So tldr, how Windows does this, it when you get a file from a third party source(Internet, USB Drive, etc), it adds a new datastream in the form of a textfile. And the textfile contains info about the source. Namely, a number for location it came from(3? for web), and then some more info.


Thanks for the details! Judging by your username, I assume you know this area well :)

Most surprising to me on Mac was that the "flag" (I'm not sure that's the right term here either) was preserved on files extracted from a tarball downloaded from the internet. Although I think this also required extracting it via Finder (GUI) and did not apply when using the tar command - I can't remember exactly.


I'm really not a fan of the "download the prebuilt binary from github releases" workflow that's been proliferating along with the popularity of Rust. It seems like a step backward in terms of secure package management, and it's surprising to me that Rust doesn't offer a more out-of-box experience for this, instead encouraging users to build from source. I understand the arguments for this, and I even find some of them convincing - namely, that the inverse problem of opaque intermediate binaries and object files would be much worse as it would cause a cascade of brittle builds and barely any packages would work.

But the fact remains that end users want to download a binary, and the common approach to this is to simply publish them to GitHub actions. Surely Cargo could offer a better option than this, while retaining the ability to build all packages from source (maybe you can only publish binaries to Cargo _in addition_ to the source files... or maybe Cargo.toml could include a link to GitHub releases, and Cargo could include a command for downloading directly from there.)

In the meantime, I've been considering publishing Rust binaries to npm (in addition to GitHub releases). I got the idea from esbuild, which is written in Go but distributed via npm. What do people think of this approach? Here's a recent blog post [0] describing the setup.

[0] https://blog.orhun.dev/packaging-rust-for-npm/


I've noticed people publishing binaries to PyPI too - you can run "pip install ziglang" to get Zig, for example.

I wrote a bit about that pattern here: https://simonwillison.net/2022/May/23/bundling-binary-tools-...


we actually agree and are working on this! github releases are just an easy initial target, and makes our tool a drop-in replacement for the kinds of things people are already doing. longer-term we'd like to see something more robust, and cargo-dist is the first cog in that machine.

i have personally packaged and published many rust devtools on npm (cloudflare's wrangler, apollo's rover, wasm-pack) but that was largely because they were targeted at a javascript developer audience.
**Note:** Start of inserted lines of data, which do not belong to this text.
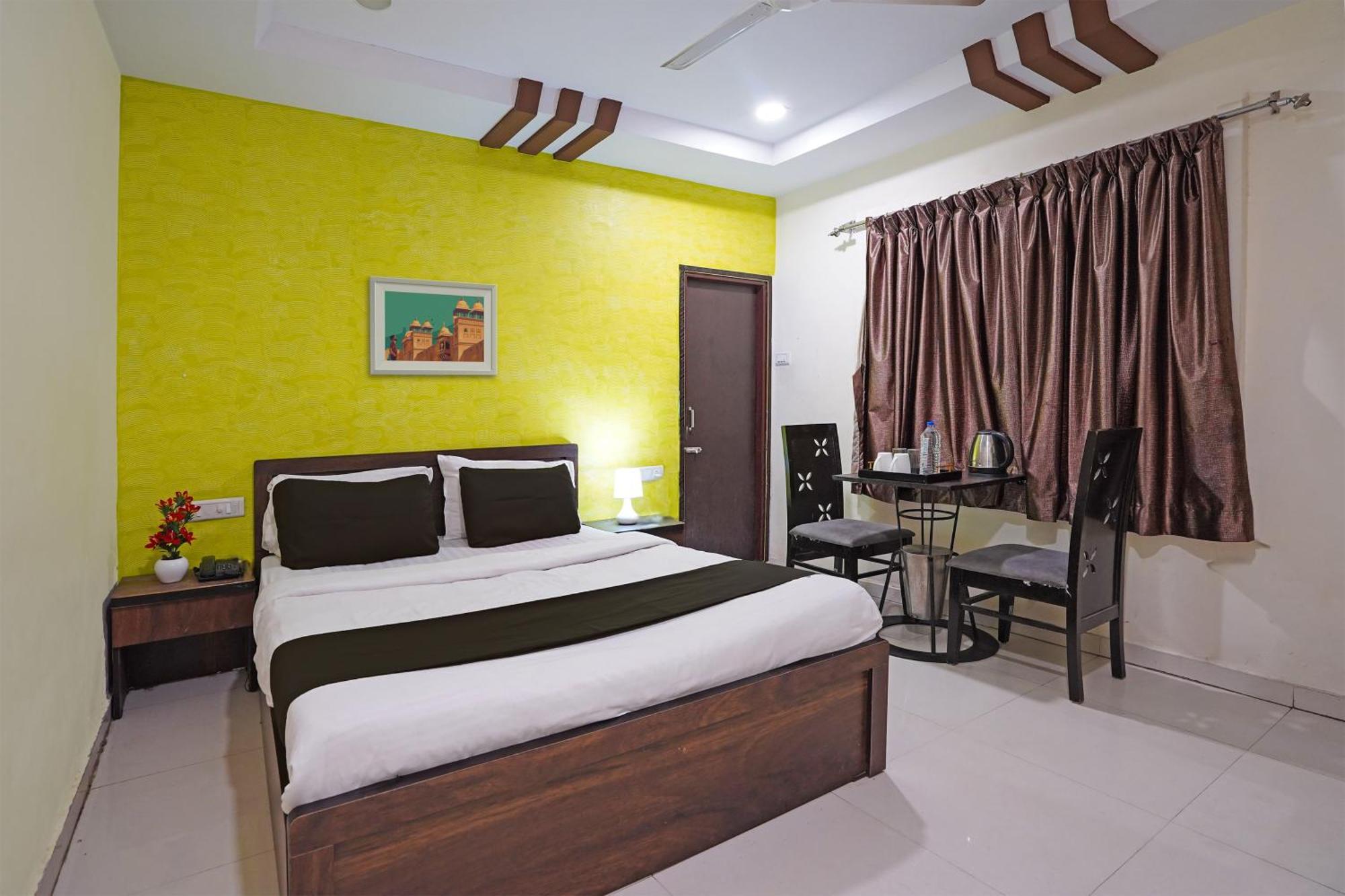 Hotel O Poonam Palace Ahmedabad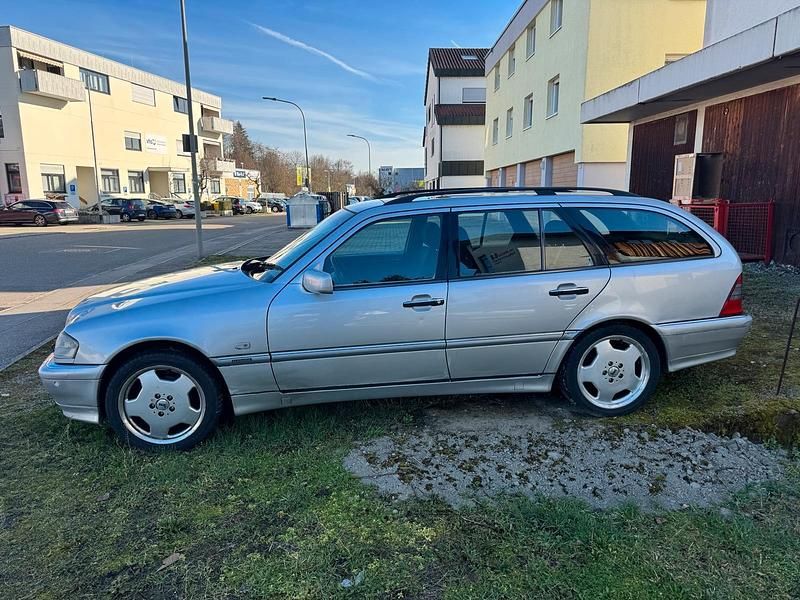 Gebraucht Mercedes C280 195 PS (143 kW) 1998 Silber Kombi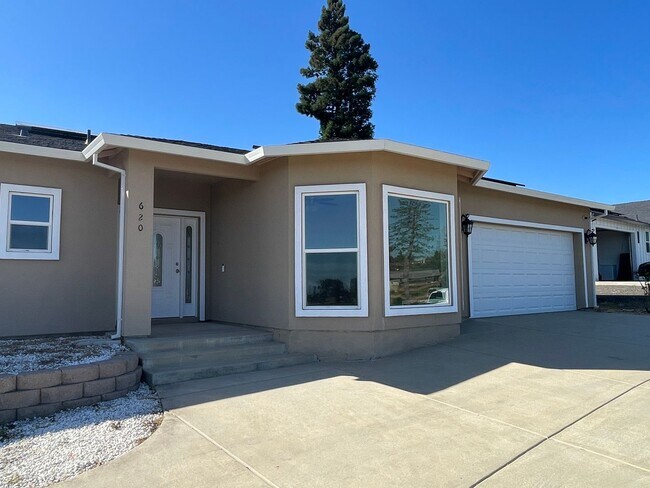 Building Photo - Paradise 2 bed 2 bath with 2 bonus rooms! Newer construction 1700+sqft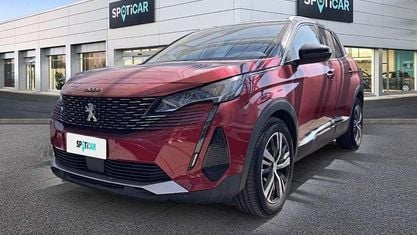 Usata Peugeot 3008 Allure 131 CV (96 kW) 2021 Rosso SUV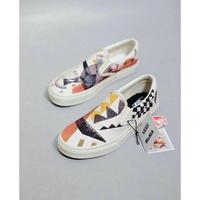 Gambar SALE.. VANS SLIP ON X MOMA CLASSIC VASILY KANDINSKY PREMIUM BNIB PRIA - Cream, 36 dari Emonomicsshopp undefined 1 Tokopedia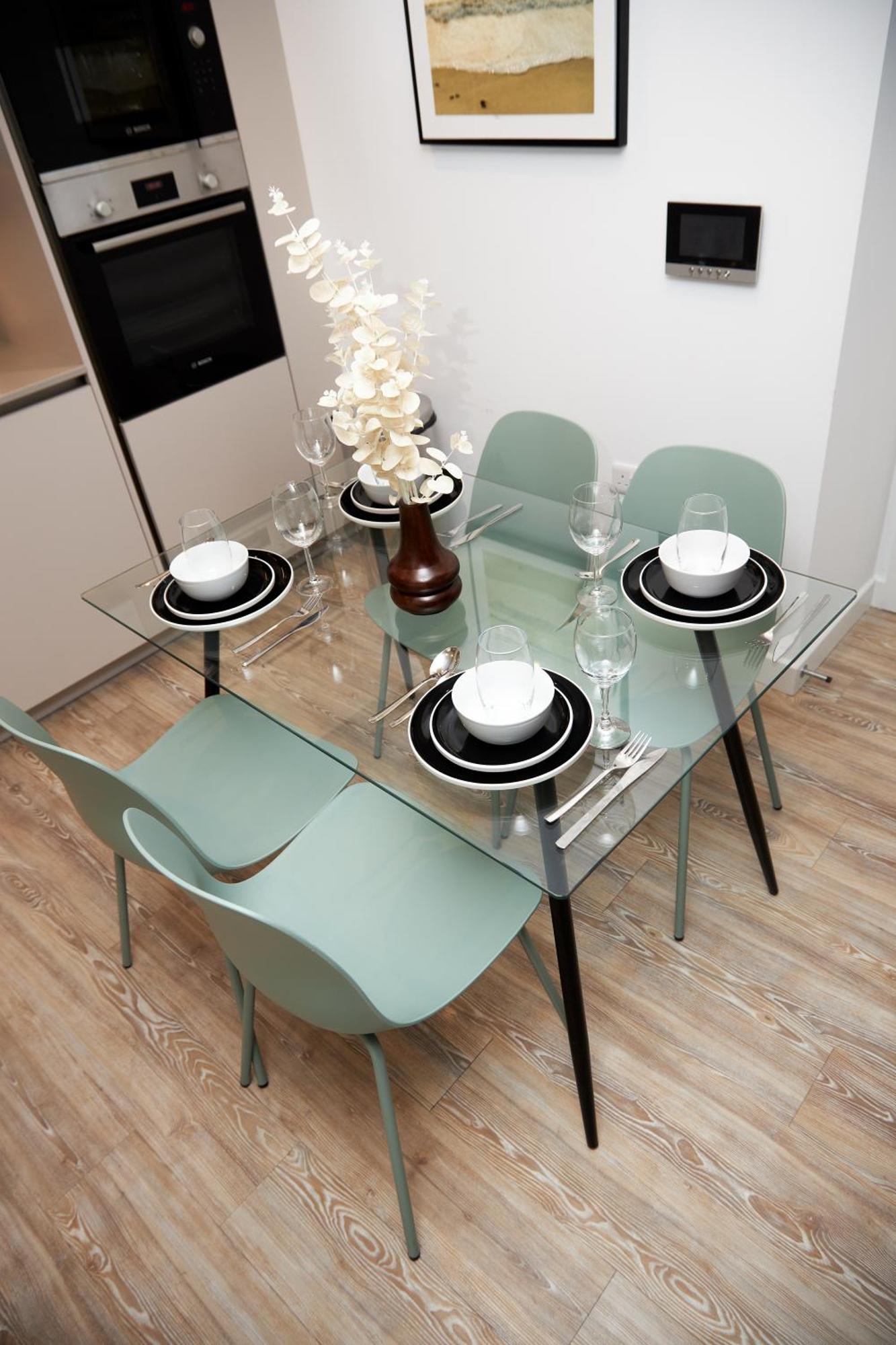 Luxury 2 Bedroom And Bathroom In With Balcony Manchester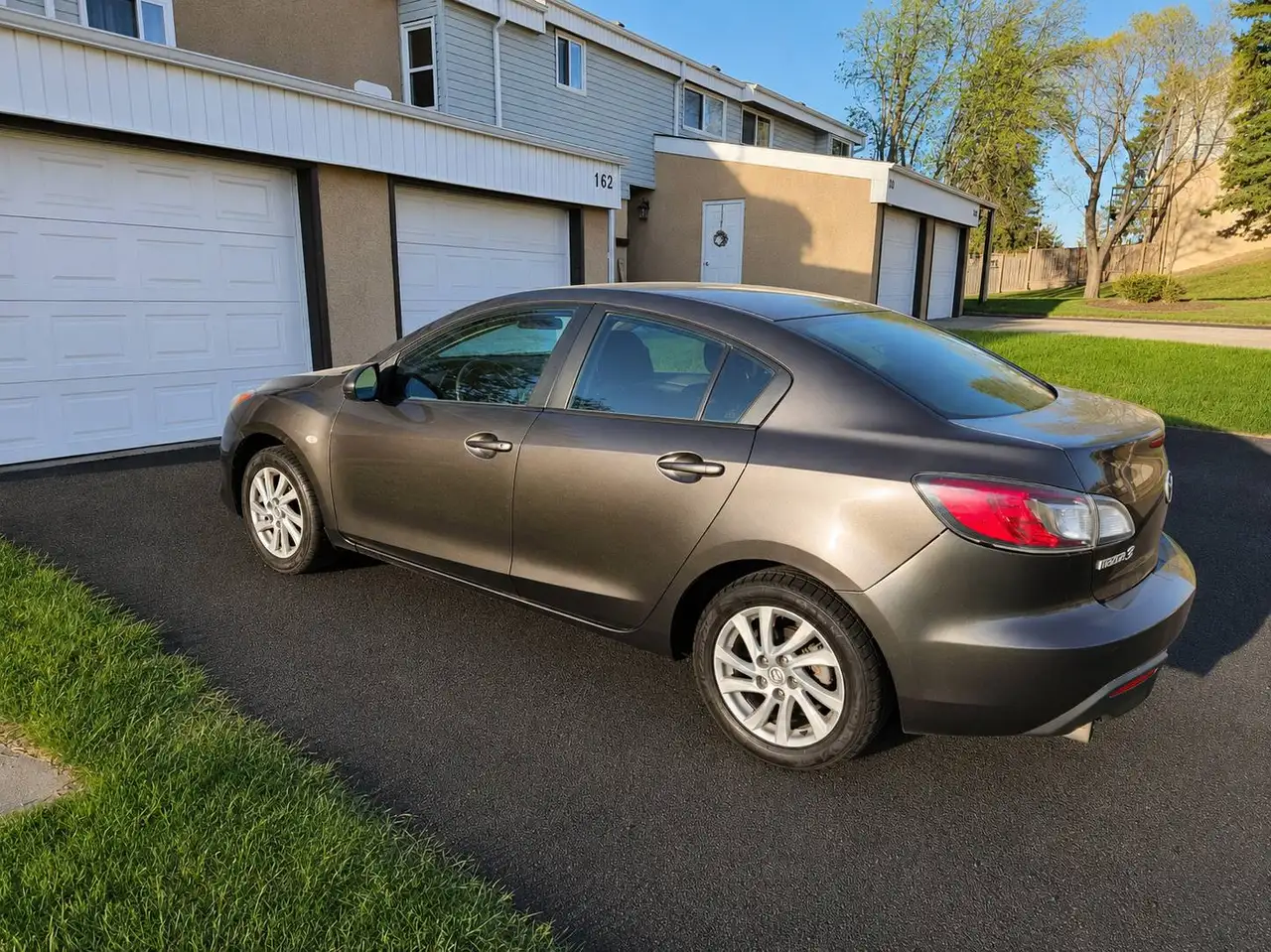 Mazda 3 снимка Mazda 3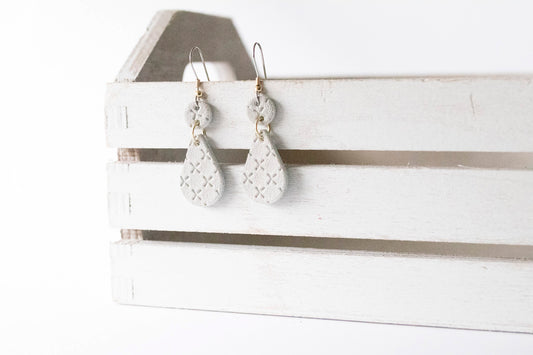 Leather Earrings / Droplets / Gray Day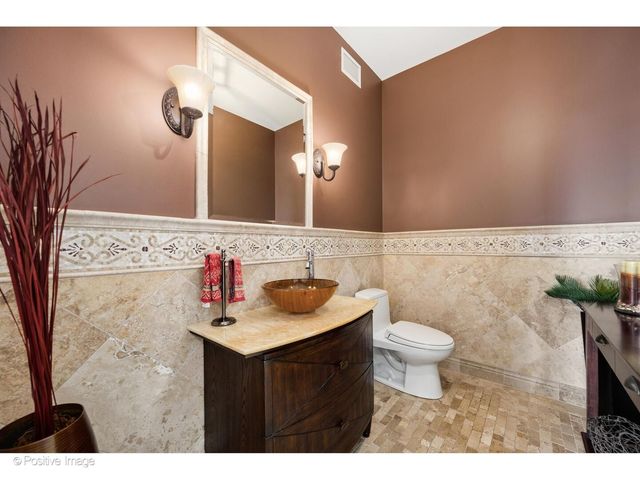 21 E Huron Street 3204, Chicago, IL 60611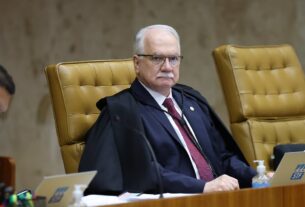 Fachin vota contra responsabilização automática de redes sociais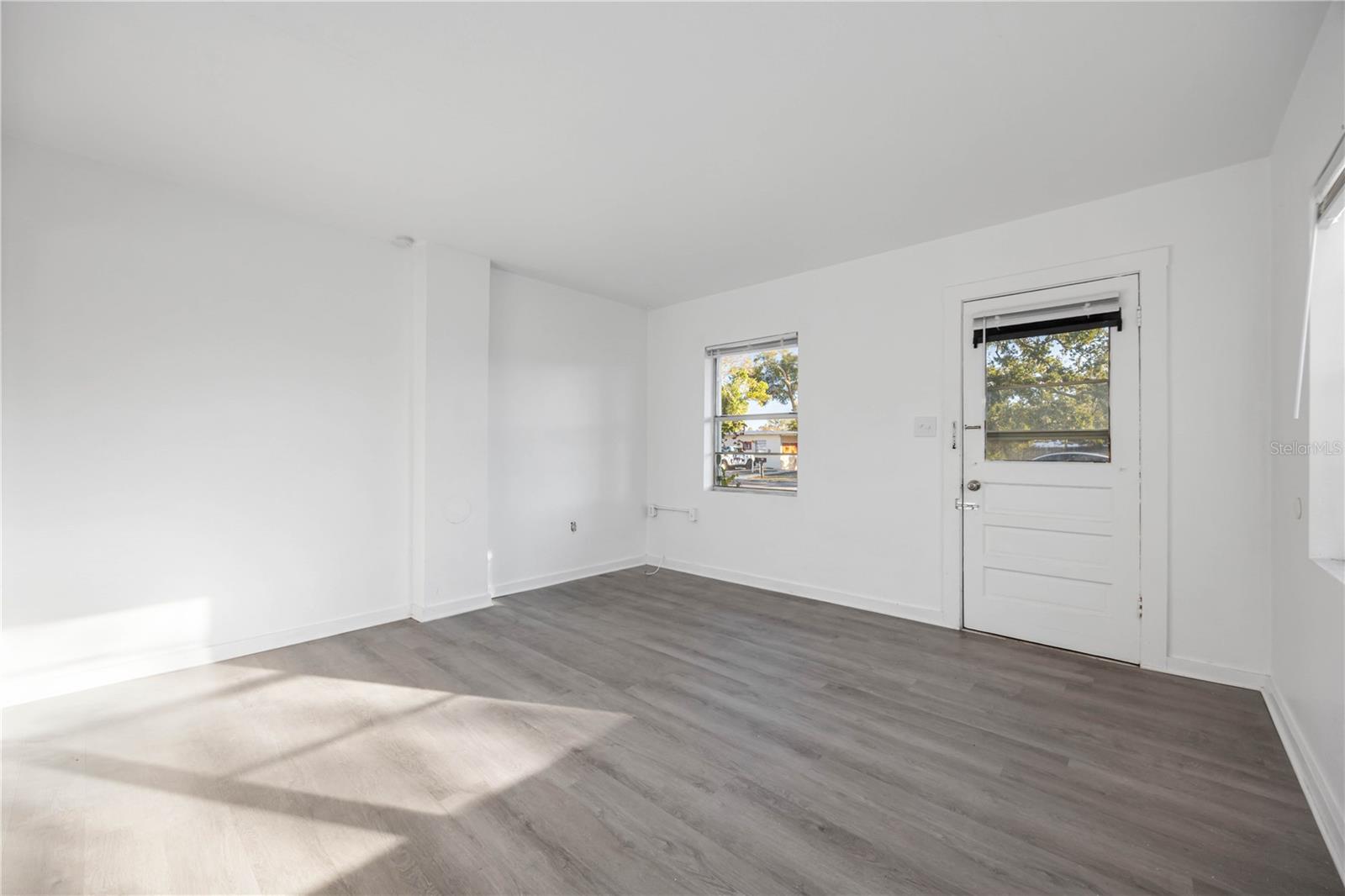 Image 18 of 30 For 243 Avenue L Ne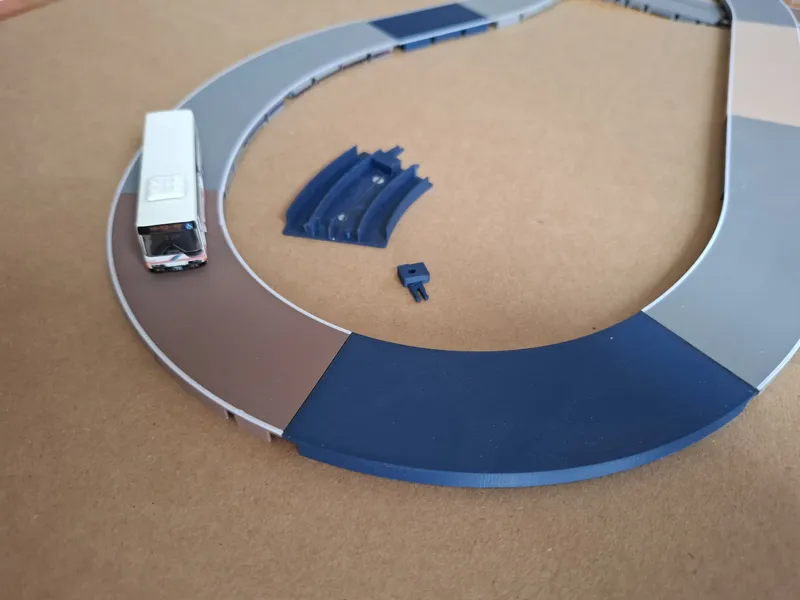 DIY-Streets for Tomix Running Bus system, n-scale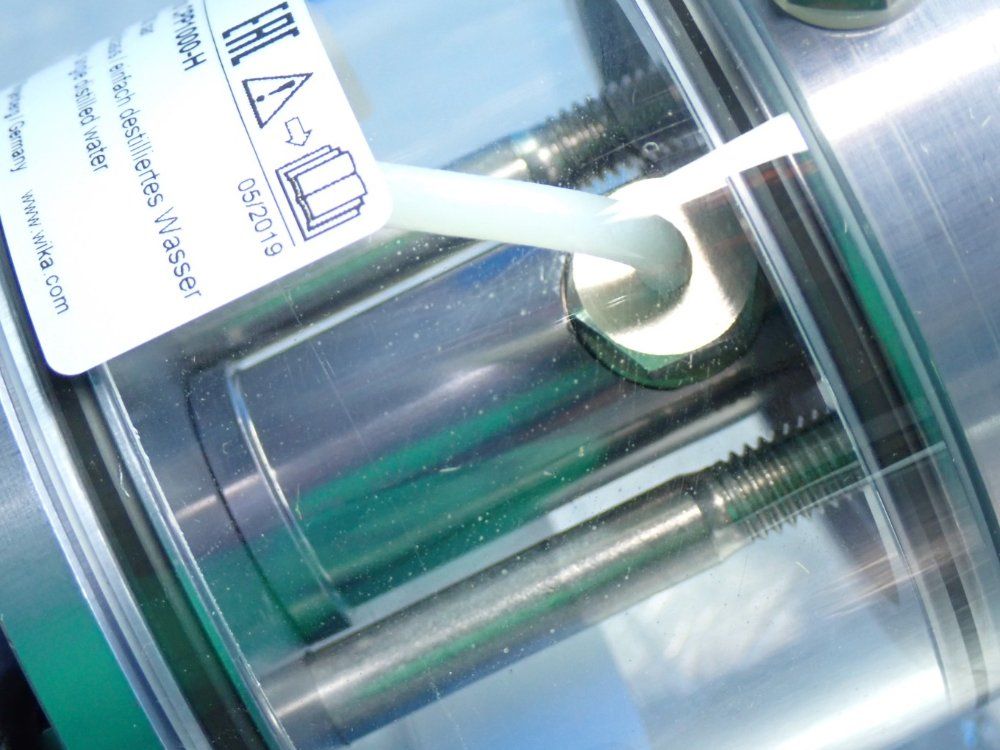 Wika 1000bar (14,500psi) Hydraulic Hand Test Pump - Cpp1000-h-p-ncz-z-zz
as a former npm registry engineer i'm curious what you find to be the particular value of publishing to npm? installing node is actually very unpleasant and then getting global installs to work is also... very unpleasant. i think it works well for people already in that ecosystem but i think we can build something better for a more agnostic audience that can give a similar out-of-box exp without requiring a centralized registry. would love to learn more about your perspective!


> as a former npm registry engineer i'm curious what you find to be the particular value of publishing to npm

I have to admit I find this to be an amusing sentence. :D Poor npm (maybe rightfully) does not have the best reputation.

I suppose it appeals to me mostly for reasons of personal bias, and the thought that most people downloading binaries from GitHub probably have node installed. Although I'm probably wrong about that. I also like that optionalDependencies and postinstall steps can use JS code to effectively act as an install script, which at least feels somewhat cleaner than curl install.sh | bash.

You make a good point about this being more appropriate for binaries that have some relation to JS (like esbuild). I think this is probably a compelling enough argument not to distribute binaries to npm if they're not related to JS - or at least, if there is no obvious overlap between the expected userbase of the binary and JS users.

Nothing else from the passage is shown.